By John Gentry, Vice President of Marketing and Alliances –
As is the case with most industries, finance houses are fully enveloped in the big data craze. These firms have seen myriad benefits from deeper application of the data they store and manage, necessitating the creation of entire departments aimed solely at managing and working with data. More information means better insights on investments and financial practices for clients and better predictive models for how people need to spend and manage their money. The headache for financial services firms, though, is the amount of data they need to store and protect, and the impact that’s felt if that data even briefly becomes unavailable. Regulatory compliance issues plague the industry, as well, with hackers, disgruntled employees and accidental exposures leading to massive data breaches. eeping all of that data both available to employees and safe from breaches demands an IT infrastructure that performs without issue.
Limiting downtime, latency
With the amount of money in all forms that goes through major financial organizations on a daily basis, downtime for those firms is the kind of thing that results in highly substantial losses for the company.
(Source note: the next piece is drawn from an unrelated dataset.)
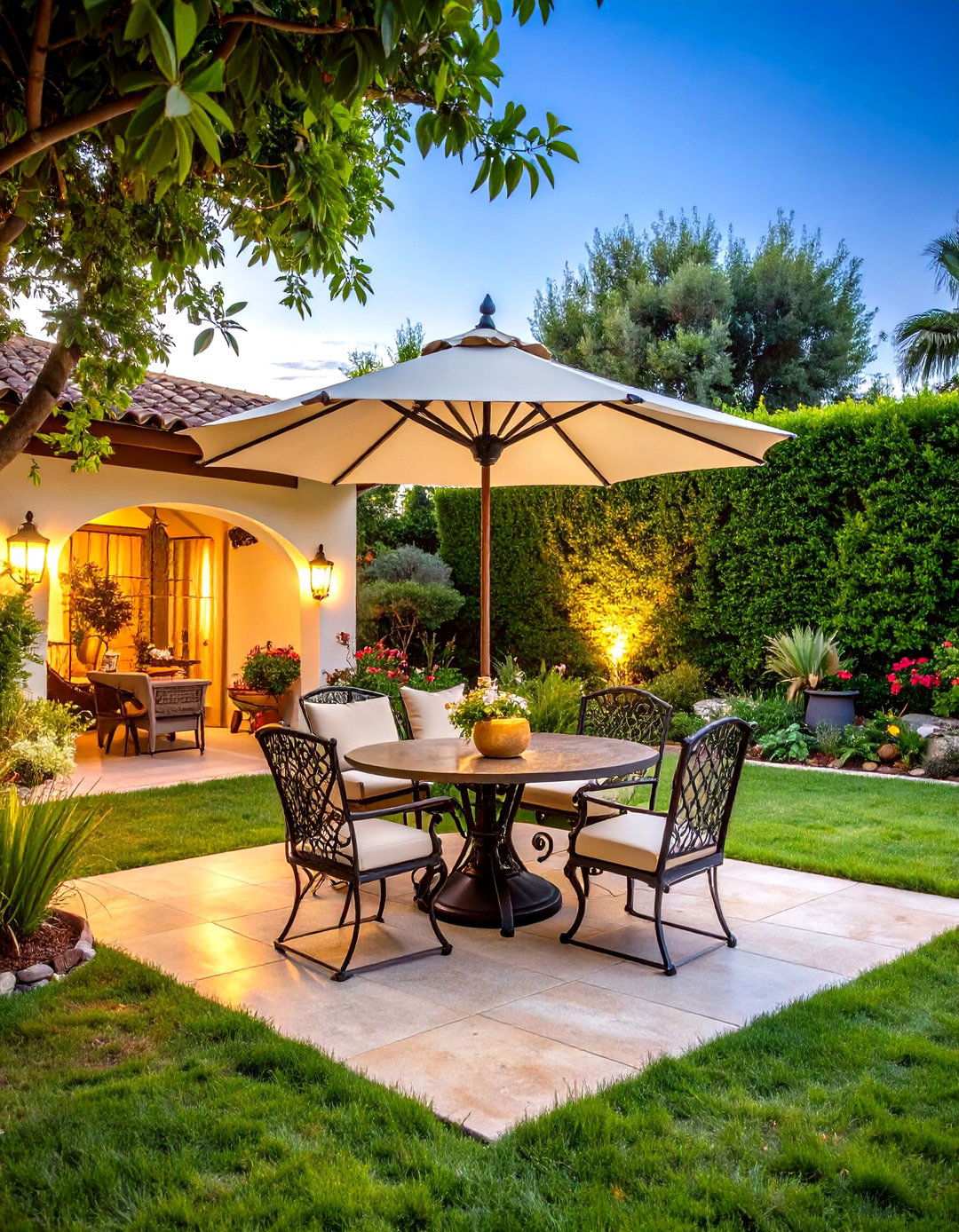 Mediterranean Patio Fan with Wrought Iron Scrollwork - 24 Patio Fan Ideas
Clients and customers need access to their account information and assets at all times, and when performance problems lead to unavailable data and operational delays, the impact is extensive. Financial organizations are inherently complex and rely on equally intricate infrastructures that integrate applications and other components from multiple vendors.
Monitoring performance benchmarks and expanding visibility into infrastructure performance gives teams the capability to manage IT proactively. Rather than guessing the cause whenever latency kicks up or an application falls offline, IT teams need to be able to identify direct causes to enable prompt resolutions. The decisions made at financial services firms and the information and analytics they store control millions of dollars – and that’s at a small company. Steps need to be taken to ensure preventable performance and availability impacts are eliminated.
Maximizing existing infrastructure
Like any other industry, financial services needs to keep its operational expenditures under control, but the complexity and potential cost of infrastructure required to manage data in a way that provides optimal services for employees and customers is immense. However, simply making huge CapEx investments every few years on the best and latest data-center technology isn’t feasible. Financial services companies need proactive support of existing infrastructure to make overhead IT spending as efficient as possible. The system-wide inefficiencies and other application performance problems that create unacceptable latency can be solved with solutions to manage infrastructure performance. They frequently go undetected, though, as teams prefer an investment on some new component or hot trend they incorrectly believe will solve their problems.
Big data’s pervasiveness in financial services has given rise to significant potential value and profits, but the management of this information requires an infrastructure that supports the company. It’s the IT teams who embrace their core responsibility to ensure consistent performance who will enjoy the greatest results from such developing initiatives.